就職支援をする立場としては、「あと少しの数字だから…」「今までの努力を続けていればいずれ達成できる」という楽観的な見方は捨てた方が良いです。最後の1割を埋めて就職率100%を達成するには、今までとは違う切り口の支援や、今までより質の高い支援が求められると認識してください。
そして、もう一つ大事なのは、就職率100%を目指す目的です。数字だけを求める努力は、学生をないがしろにする恐れがあります。望んでもいない就職をするように圧力をかけるようなことがあってはなりません。なぜなら就職率100%というのは、あくまでも学生のために支援をより充実させるのが目的だからです。
学校として就職率100%をアピールするために数字を出す、という考え方にならないよう気を付けてください。こうした目的で就職支援を行ってしまうと、確かに数字は向上するのかもしれませんが、後で必ずひずみが生じ、大きな問題となって現れてきます。本来、学校側の就職支援は、学生の将来のためにサポートをするが目的です。こうした心得をしっかりと保っていれば、バランスの取れた、学生に寄り添った形での支援を続けられるでしょう。
就職率100%を目指すための準備
就職率100%を目指すための準備としては、まず自分たちの学校の現状を客観的に分析することが先決です。どの学校でも、就職先と内定率について、学部や男女別などの数字を取っていると思います。それを確認して、全国平均や地域内の他の学校と比較しましょう。これが基本的なデータとなります。
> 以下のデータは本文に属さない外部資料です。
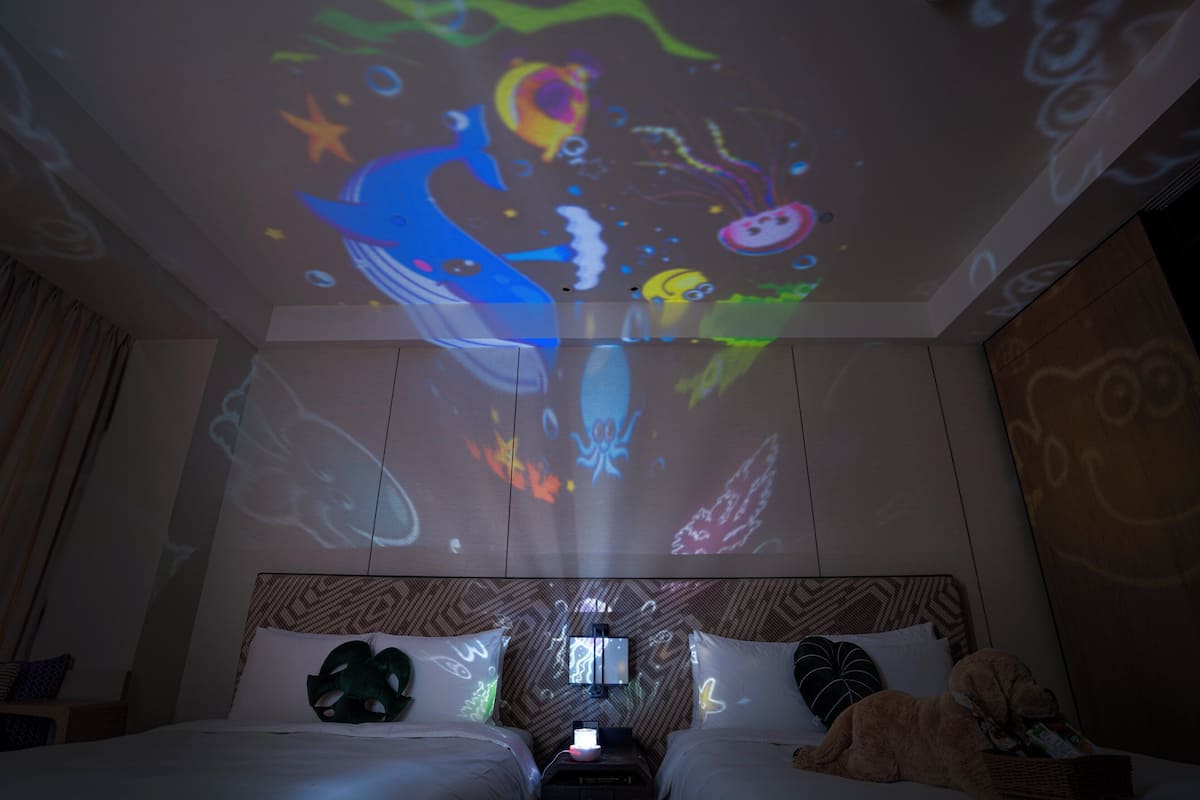 A hotel room with a bed, a television, and a ceiling projection of a colorful underwater scene.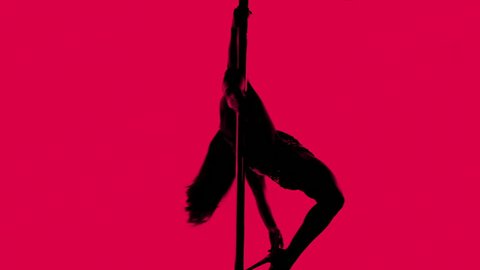 amazing pole dancer showing her skills against a white background
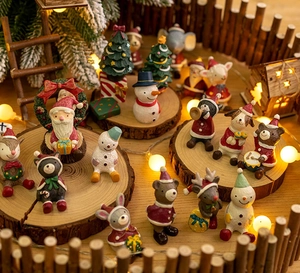Detailed close-up of colorful resin Christmas miniature figurines on a rustic wood slice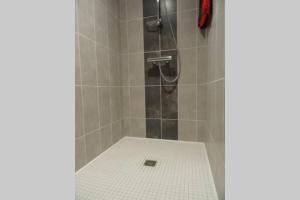 a bathroom with a shower with a white tile floor at studio entre Mt-St-Michel et St- Malo in Dol-de-Bretagne +18 photos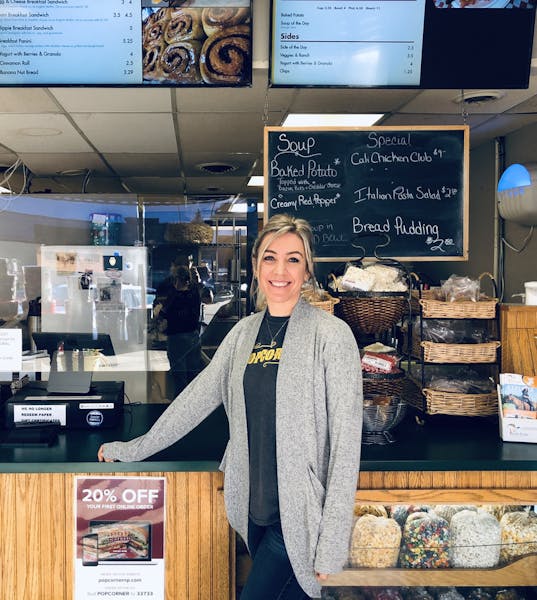 a person standing in front of a store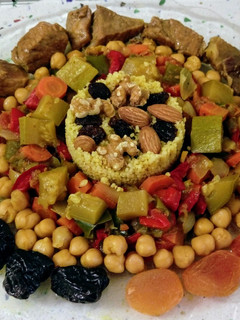 Una foto de Cous-cous ibérico con frutos secos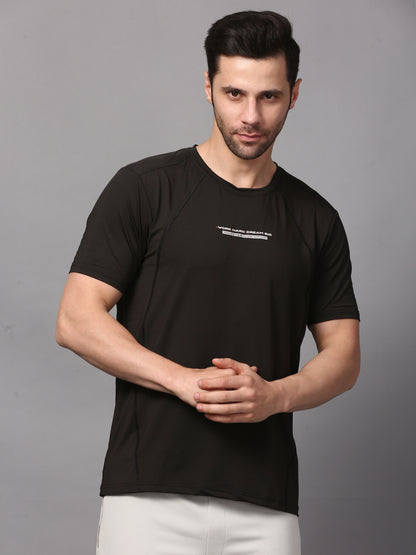 This image features a sleek, men's round neck black T-shirt. The T-shirt is designed with a minimalist approach, showcasing a small, white graphic on the upper left chest area.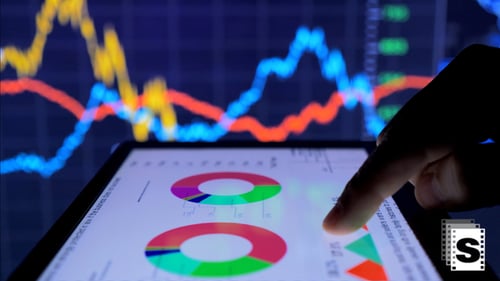 Data Analysis on Tablet with Graph in Background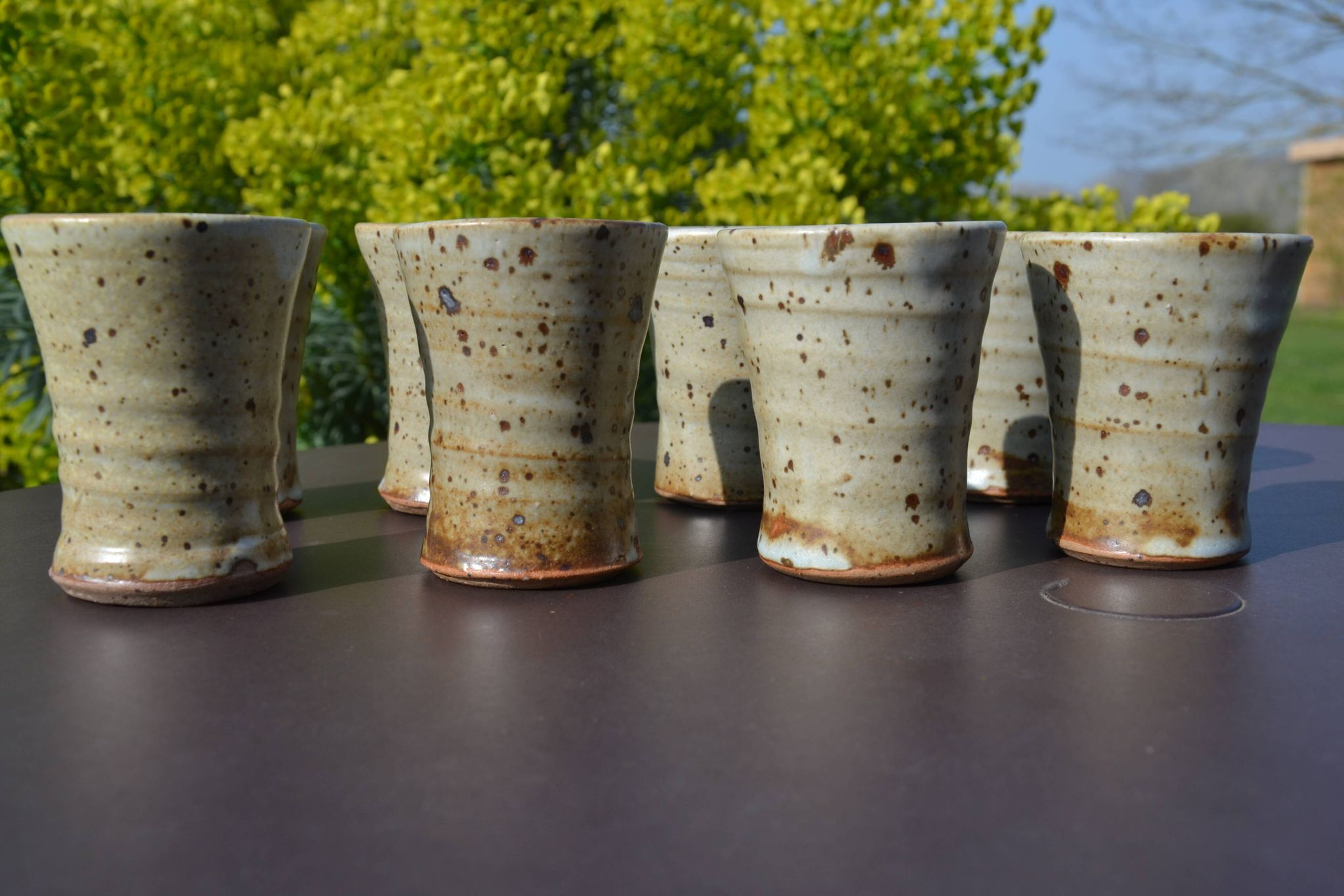 8 stoneware cups/mugs by Gustave Tiffoche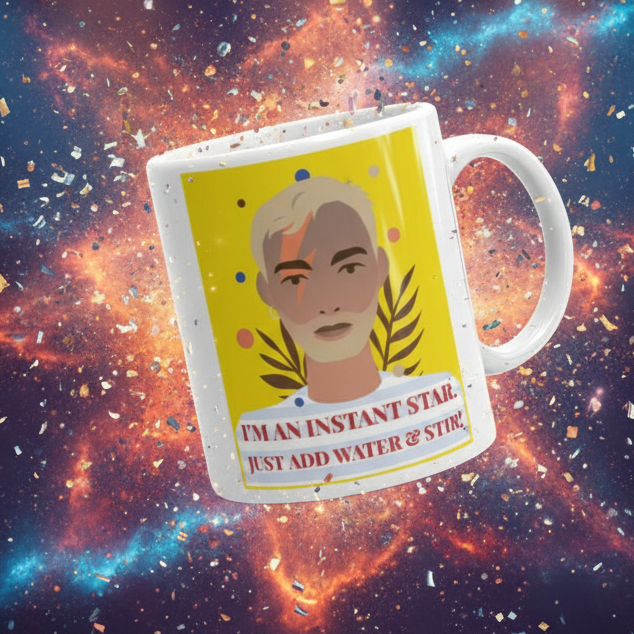I'm An Instant Star Mug with pop-art portrait and slogan, celebrating LGBTQIA+ pride. Sturdy, glossy, dishwasher, and microwave safe; perfect for coffee, tea, or wine. Bold, empowering queer design by Queer In The World.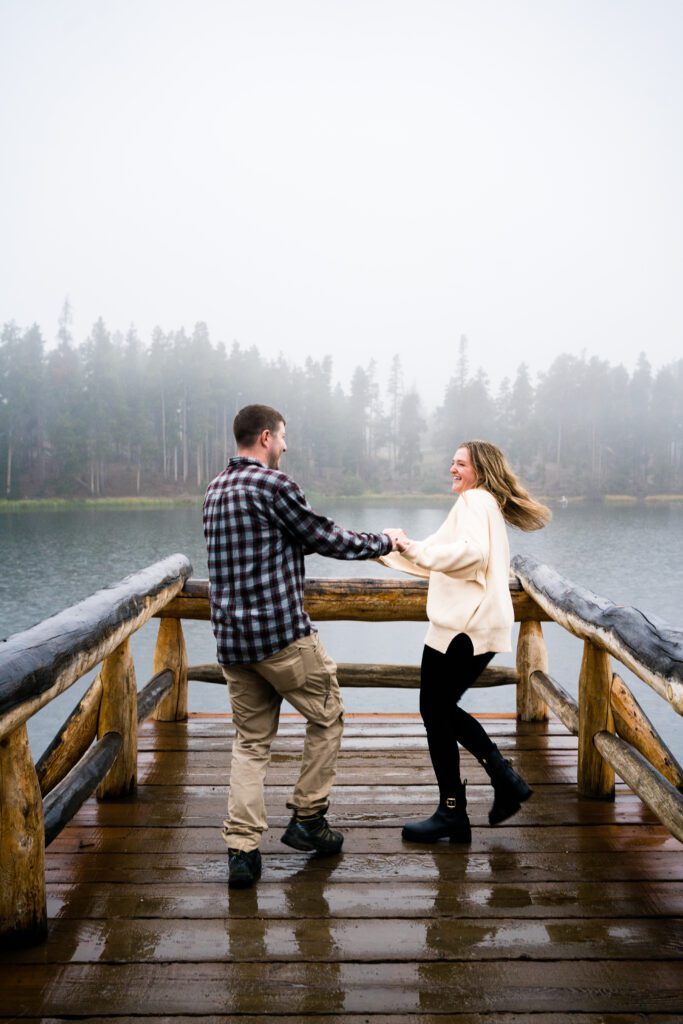 married couple spinning each other around on the pier at Sprague lake during their rocky mountain national park engagement session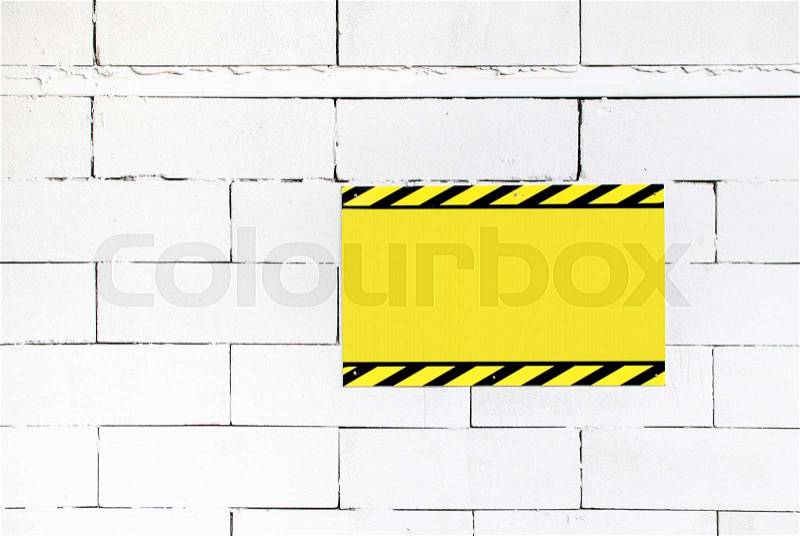 Cement block wall with blank warning poster,template to fill your text, stock photo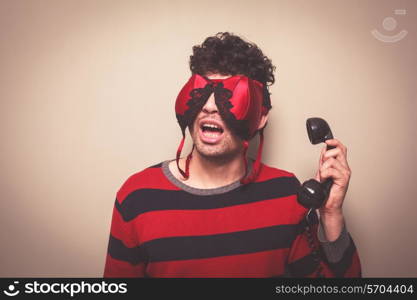 Young man wearing a bra on his face is holding a telephone receiver
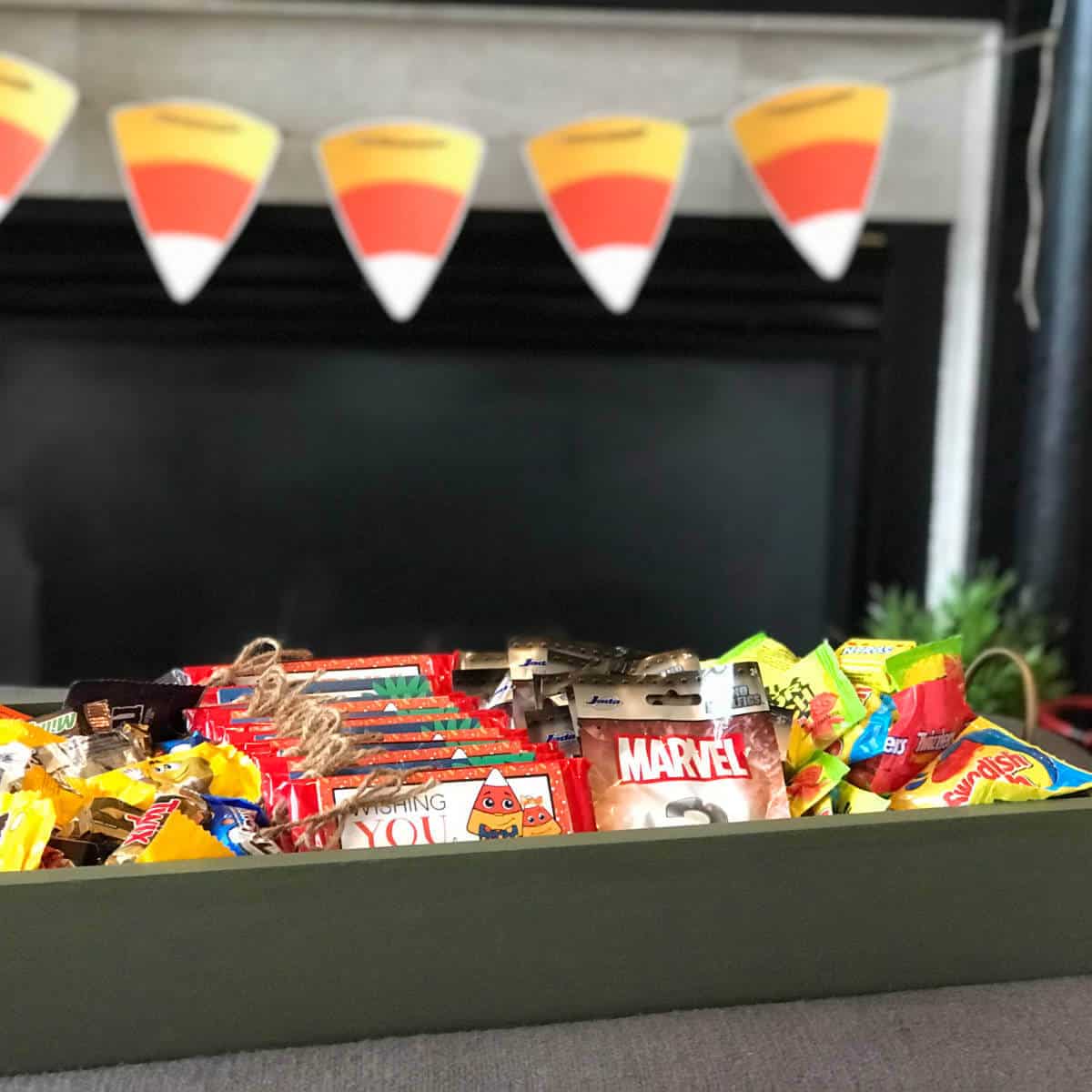 Wood tray full of trick-or-treat goodies with a candy corn banner in the background.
そのうえで、自分たちが現在行っている就職支援活動を、時系列でリスト化してみます。入学してからの時間軸で、大学1年生の時にはこんな支援をしている、2年生向けにはこのようなイベントを開催している、といった点を書き出していくのです。これにより、早い段階から丁寧なバックアップができているか、手薄になってしまっている時期はないかを確認できます。
そして、活動の内容についても分類してみると良いでしょう。その際には、就職率アップにつながるいくつかの項目に分けてみると、分析がしやすいです。たとえば、面接対策やエントリーシート作成支援などの実践的な対策、求人情報の提供、就職試験対策、学生に対する個人面談、カウンセリングといった、ジャンルごとの活動をリスト化していきます。そうすると、どの部分で対応が薄いのかが見えてくるはずです。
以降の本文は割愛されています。